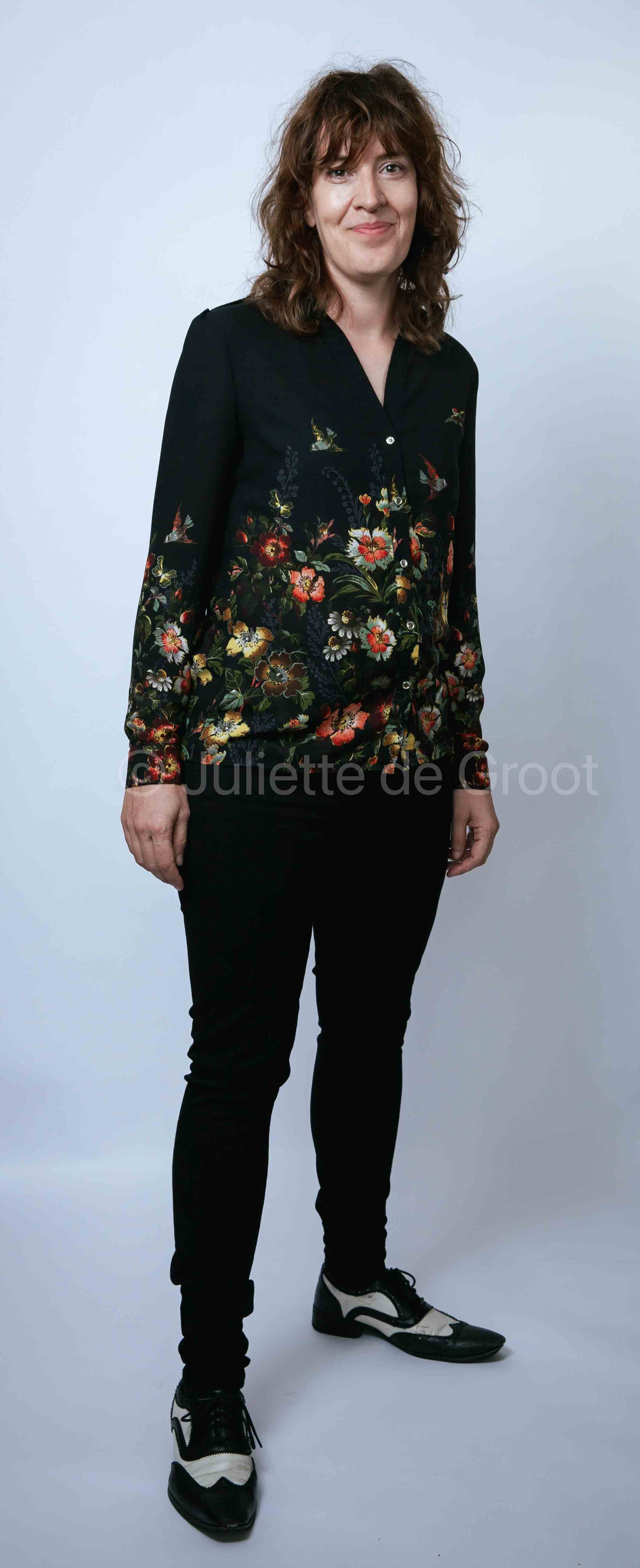 Juliettedgroot4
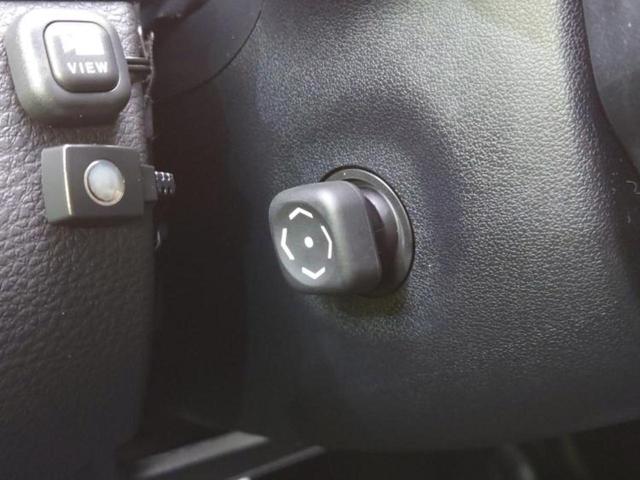 ハリアー 4WDエレガンスGRスポーツ 保証書/純正 9インチ SDナビ/衝突安全装置/車線逸脱防止支援システム/シート ハーフレザー/ヘッドランプ LED/Bluetooth接続/ETC2.0/EBD付ABS/横滑り防止装置 バックカメラ(40枚目)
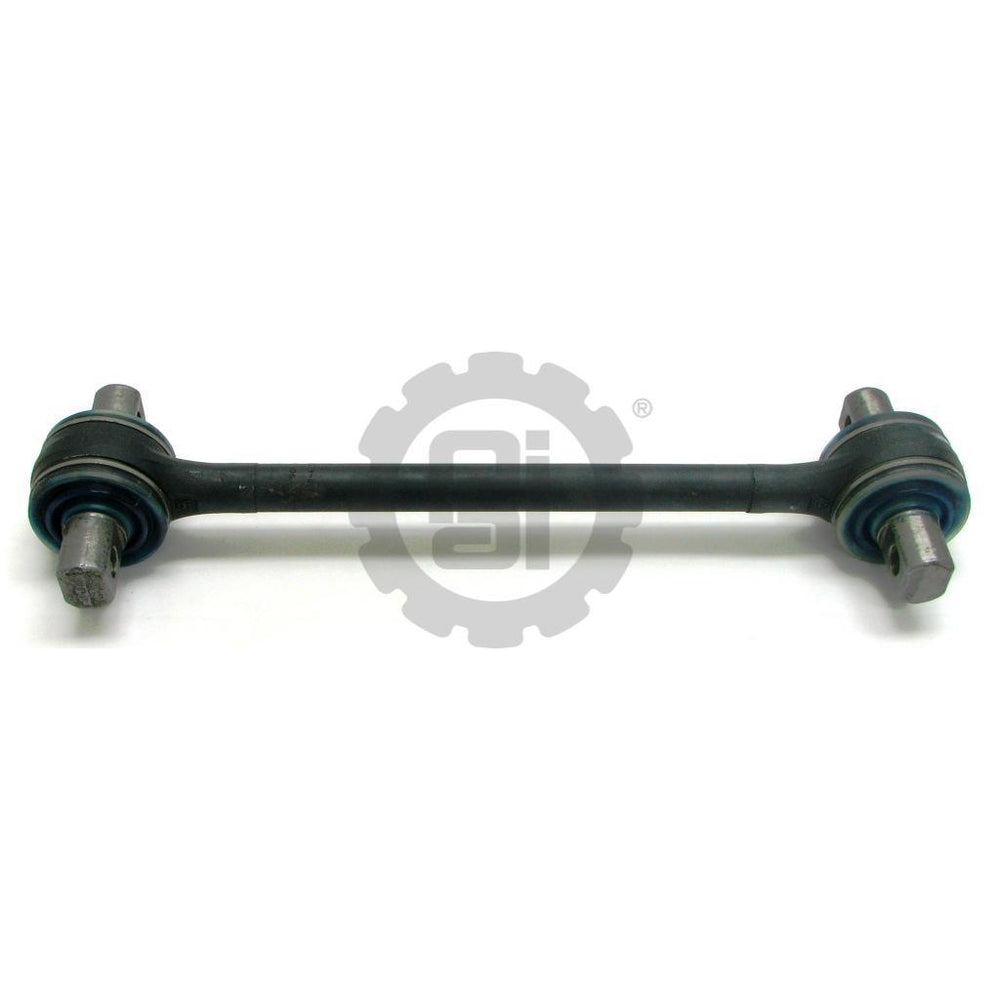 TORQUE ROD
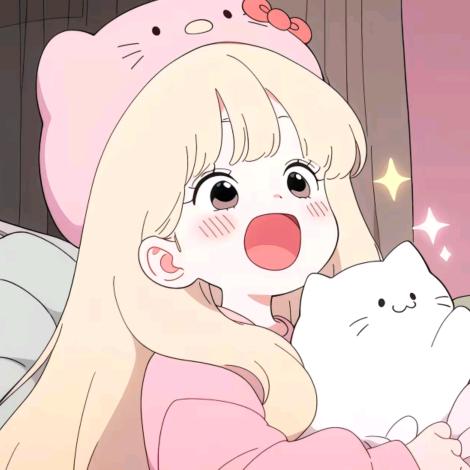 章鱼小丸子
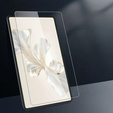 Μετριασμένο γυαλί για Honor Pad 9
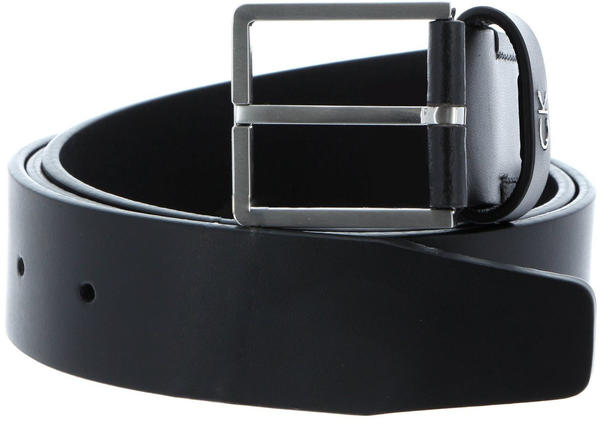 Calvin Klein Formal Belt (K50K50-4300) black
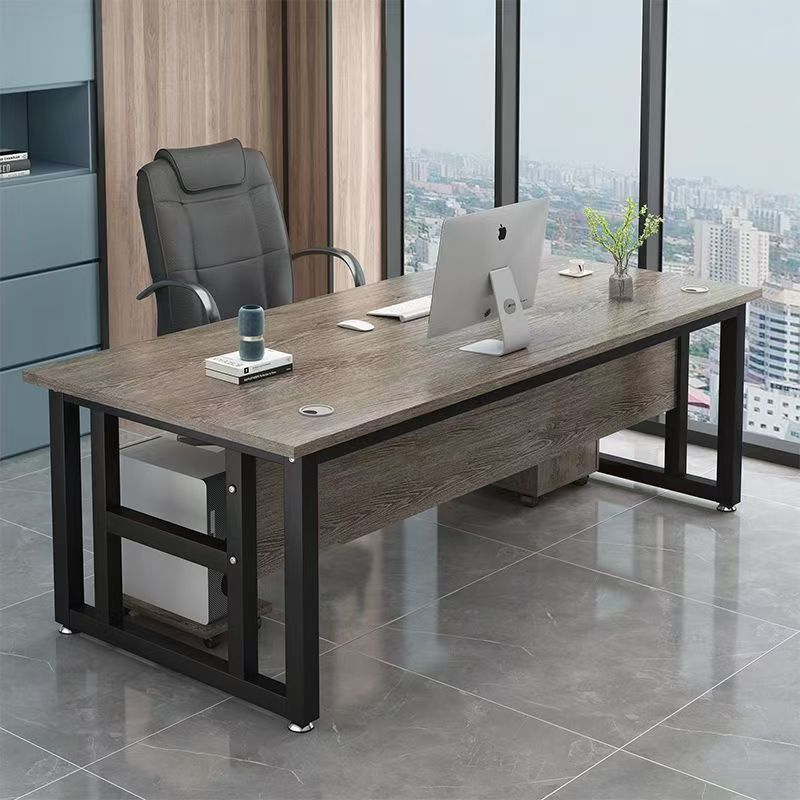 Office Desk, Work Desk, Executive Desk, Manager's Desk, Desktop Desk, Study Desk, Writing Desk, Wooden Desk, Computer Desk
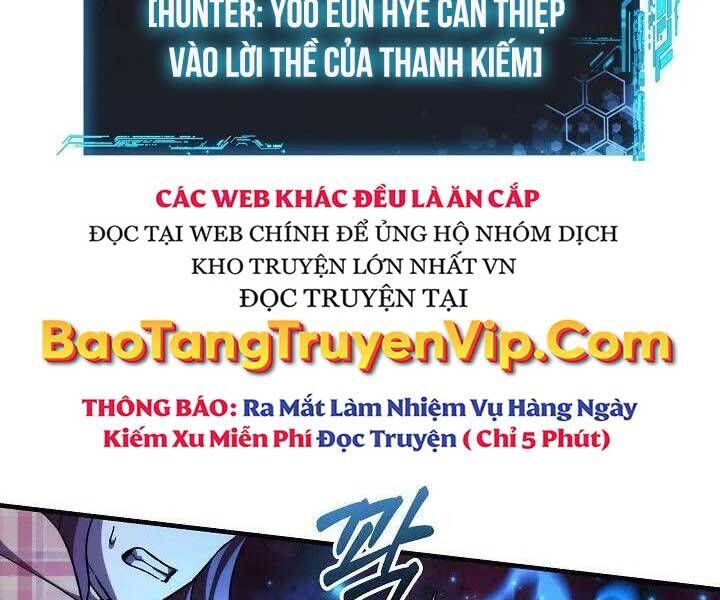 Con Gái Tôi Là Trùm Cuối Chapter 148 - 44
+===+
PROBLEM TO SOLVE:
Could you reproduce exactly, and only, the lines from the start of the records through the line containing "Calvin Klein Formal Belt (K50K50-4300) black", leaving out the pictures?

TASK RESPONSE:
 Juliettedgroot4
 ハリアー 4WDエレガンスGRスポーツ 保証書/純正 9インチ SDナビ/衝突安全装置/車線逸脱防止支援システム/シート ハーフレザー/ヘッドランプ LED/Bluetooth接続/ETC2.0/EBD付ABS/横滑り防止装置 バックカメラ(40枚目)
 TORQUE ROD
 章鱼小丸子
 Μετριασμένο γυαλί για Honor Pad 9
 Calvin Klein Formal Belt (K50K50-4300) black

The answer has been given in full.